The Provo City Council says it made a mistake, and it corrected it Tuesday night. I'm not so sure the mistake wasn't in correcting the mistake.
Here's my case, and you decide for yourself.In August the council passed a resolution that set several fire department response fees - 11 to be exact. Among the new fees was a $500 charge for responding to a structure fire. Responding to a vehicle fire and extricating a victim from a car were services that would cost $200 each. A fee of $100 would be charged when a fire unit responded as backup to a vehicle accident.
The legislation was passed during a late-night meeting, and council members voted Tuesday to remove the four fees - saying they made a mistake when they passed the resolution. They said the legislation was "stupid" and "illegal."
Looking at this legislation, you can see a lot of problems. Hearing the council members' arguments, you can see a lot of reasons to do away with the fees.
Look at the legislation a little more thoughtfully, however, and you can see a lot of reasons for the fees. Analyze the council members' arguments a little more thoughtfully and you can see a lot of reasons for keeping the legislation.
Let's do that.
Council members said fire services should be covered by taxes residents pay. Putting a fee on services might make residents hesitant to seek the city's help in an emergency. When it comes to a life-and-death situation, paying a fee should never be an issue. Undoubtedly, the best argument to eliminate the fees.
Some council members also said the fees were illegal because they would mainly be charged to those who have insurance that covers the fees. Those without insurance who could prove a hardship would be exempt. Some would have to pay it out of their own pocket. Council members said this is illegal because it discriminates.
Not a good argument. Many laws, state and local, allow for hardship exemptions. The city's own recreational fees allow for hardships, and similar ambulance fees allow for hardships. Of course, we all know the story about school-fee waivers.
The administration's argument in wanting the fees is that it's a cost that would mostly be paid by insurance companies, not residents. And this is true. Most insurance policies have a clause to pay for the fees because most cities across the country have the fees. You and I already pay for it.
We all know that whether it be in the form of a fee or tax, most costs usually come back to the taxpayers. In this case, however, the costs could have come back to insurance companies. Now, taxpayers will have to come up with about $80,000 to replace the revenue the fees would have generated. And insurance companies will get a windfall because we'll continue to pay for the coverage but get no benefit. And don't think for one minute that insurance companies will reduce premiums because of the council's action.

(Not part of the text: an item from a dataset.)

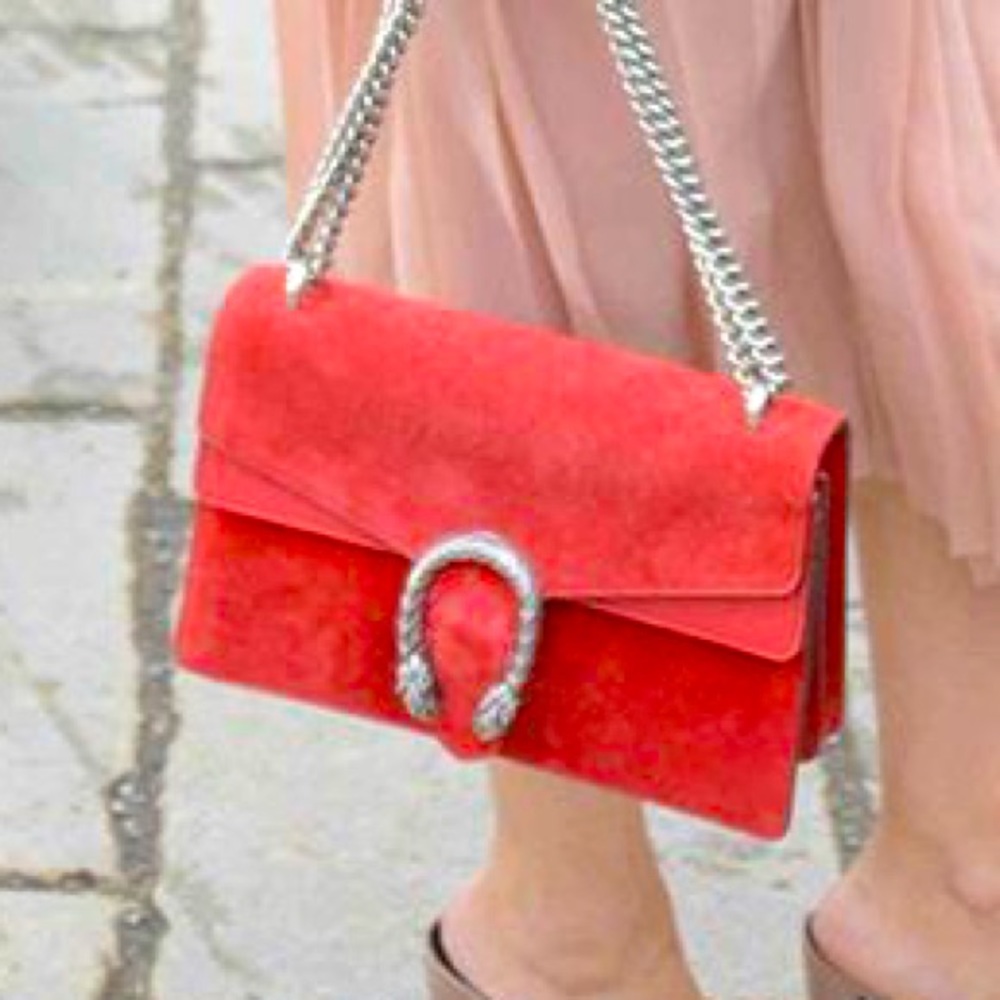 Red Suede Gucci Dionysus size Small (sold out everywhere)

If the council made a mistake when it approved the fees, then so did most every other major city in the state. Salt Lake City, Salt Lake County, Ogden, Sandy, West Valley City and several cities in Utah County have the same type of fees. Most major cities in the country have the same type of fees. And Provo still has its own ambulance service fees, which are no different. If the city made a mistake in passing the fire fees, then it also made a mistake in keeping the ambulance fees.
It's a close call, but the call's been made.